Packing nodejs code with its entire npm dependency tree and automating it with 
maven is possible, but you loose the no-need-to-do-the-compile-thingy nature of 
the language. So even if we do call gem/pip/npm install from within the maven 
build process, pack everything in a JAR and ship it with storm, I am not sure I 
would use it that way. Instead the JAR would just be pure java code pointing to 
the folder where the ruby/python/nodejs code is. And that is also the folder 
where storm.rb/py/js would be copied to. So there is no reusable component you 
can ship with storm, other than the official storm.js file that was tested to 
work with this version of Storm.
    
    Maintenance: The amount of maintenance of the multilang project is approx 
numberOfFeatures times the numberOfLanguages times the numberOfSerialization 
protocols. 
    IMO the numberOfLanguages is a strong selling point for Storm (choose the 
best language that fits your business).
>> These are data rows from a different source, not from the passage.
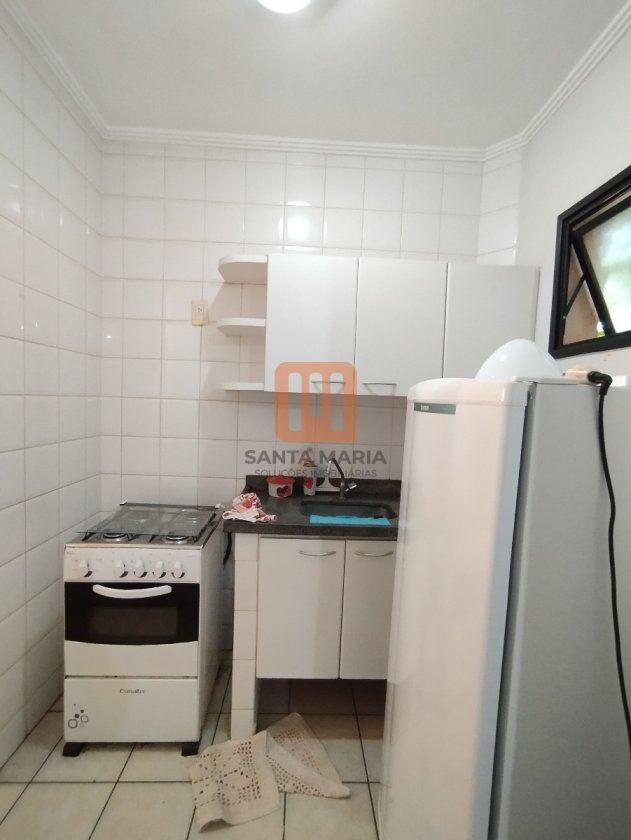 Apartamento para alugar em Nova Aliança, Ribeirão Preto - Cozinha (unidade) - foto 3 código 41315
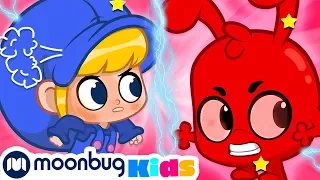 Mila And Morphle FIGHT!! - My Magic Pet Morphle | Cartoons For Kids | Morphle TV | BRAND NEW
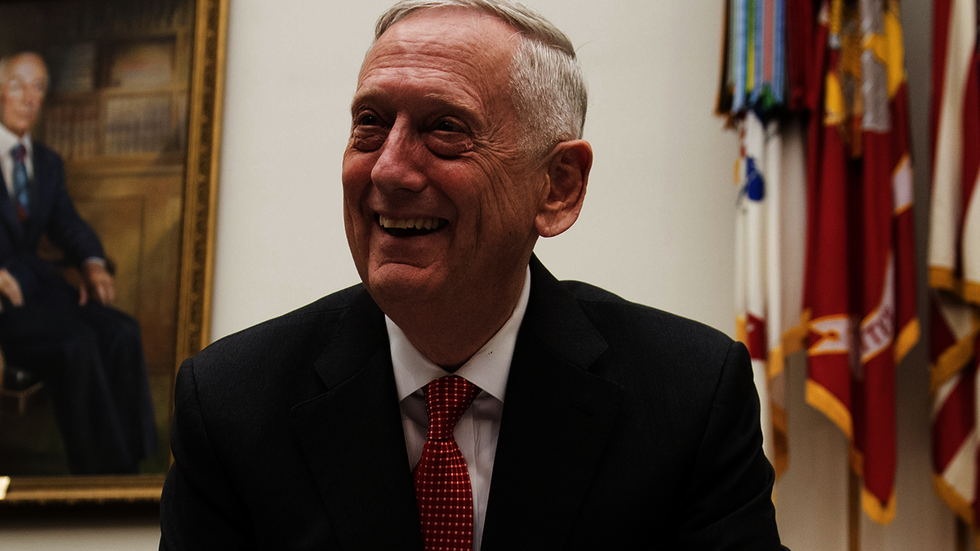Military expert concurs with Mattis' assessment on the lack of combat readiness of the US
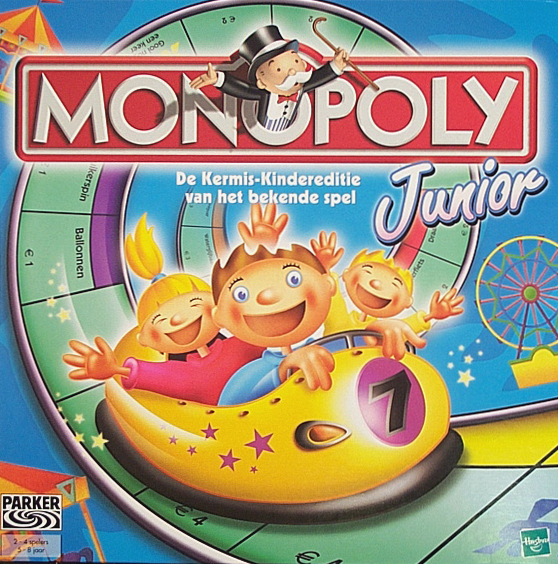Monopoly: Junior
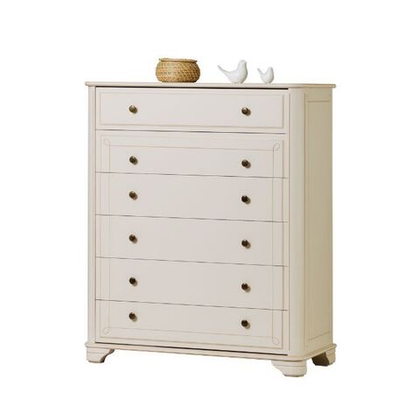 Комод, 99х118,5x44,5, Бетти №8, 6 ящиков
Both ruby/python/node have a big crowd 
of open-source developers this project can rally.
    IMO numberOfFeautres that are not data related is not a strong selling 
point. For example I would not use the storm logging or monitoring through the 
multilang protocol. If there is a problem with the multilang/storm/whatever I 
would like a nodejs library to log it to a file, or contact directly the 
monitoring server, especially as Storm does the 
fail-fast-the-worker-with-all-child-processes each time a bolt/spout has an 
uncaught exception. I doubt the multilang logging could deliver some unexpected 
error in time before the stdout pipe is closed.
    As for serialization protocols.... it was abstracted on the Java side 
recently which allows third party plugins to squeeze more CPU cycles with 
custom serialization protocols. That's nice, but as JSON is the only supported 
protocol by the ruby/python/nodejs implementations adding another serialization 
protocol requires a feature matrix. The proper thing to focus on Storm's core 
competency and that is Data. JSON would eventually become the bottle neck on 
the Worker juggling multiple subprocess via serialization and de-serialization 
of multilang messages. It takes approx 1% CPU core and 1ms latency per 
multilang process assuming 1 message per second (hardware dependent ofcourse). 
Instead of JSON I would pick one serialization protocol that has a heavily 
optimized Java implementation and also widely used python/node/ruby/etc 
implementations that hopefully do not require native code to install and stick 
to it. Use serialization/deserialization optimization on the java side 
(caching) 
 for better performance of the nextTuple and sync messages.